カーリットホールディングス(HD)は超高平坦の小口径シリコンウエハーの生産体制を強化する。新世代のSAWフィルターで求められる0・1マイクロ―0・2マイクロメートル(マイクロは100万分の1)の高い平坦度に応える技術を確立したほか、4―6インチの全般的な小口径ウエハーの生産能力も引き上げた。高平坦ウエハーはサンプル提供の中で、2025年度以降の実用化が想定される案件も出ている。十分な生産体制を整え、事業成長を加速させる。

高平坦ウエハーは子会社のシリコンテクノロジー(長野県佐久市)が、主に微小電気機械システム(MEMS)向けに酸化膜上にシリコン単結晶層を形成した「SOIウエハー」の基材用途として手がけてきた。高周波数化や周波数の安定性が欠かせない新世代のSAWフィルターに対して、0・1マイクロ―0・2マイクロメートルといった高い平坦度を実現することで需要を取り込む。

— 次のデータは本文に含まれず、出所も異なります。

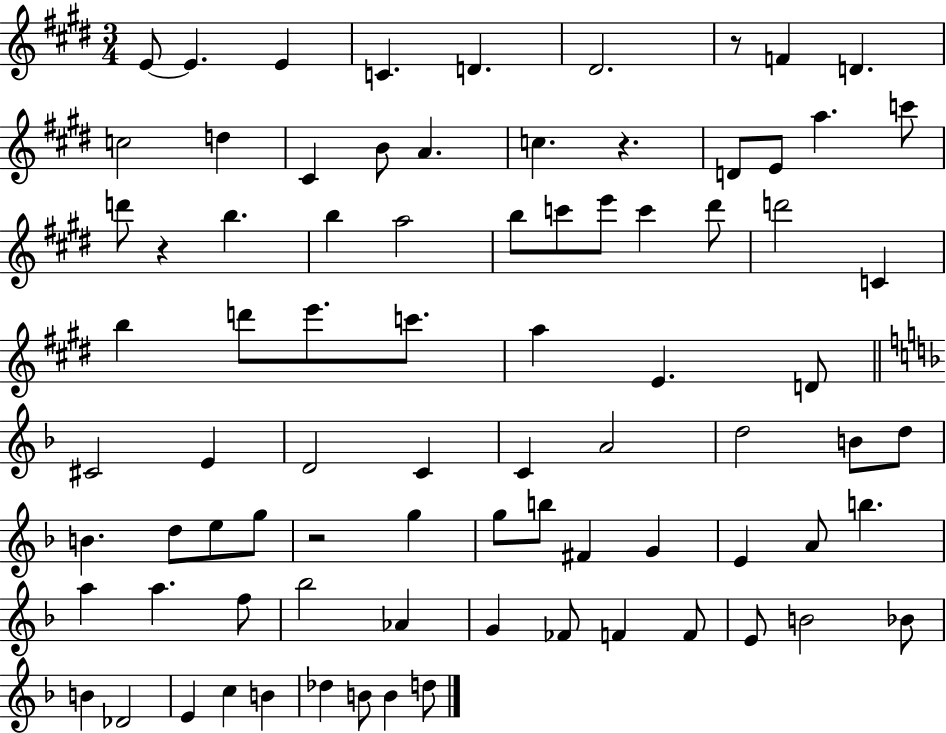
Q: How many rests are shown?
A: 4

23年末には引き上げ炉や0・01マイクロメートルの分解能を持つ高平坦度ウエハー用の平坦度測定機の導入などで、生産能力と精度面を向上。全般的な4―6インチの小口径ウエハーの生産能力は、21年の月産15万枚から20万枚に高まった。平坦度測定器を導入したことで、0・1マイクロ―0・2マイクロメートルの高平坦度で品質を担保できる体制も整った。

カーリットHDは7月に社名を「カーリット」に変更。10月には子会社の日本カーリット(東京都中央区)とシリコンテクノロジーを吸収合併し、事業持ち株会社に移行する。合併による経営資源の強化を生かし、半導体材料のより円滑な研究開発などにつなげる考えだ。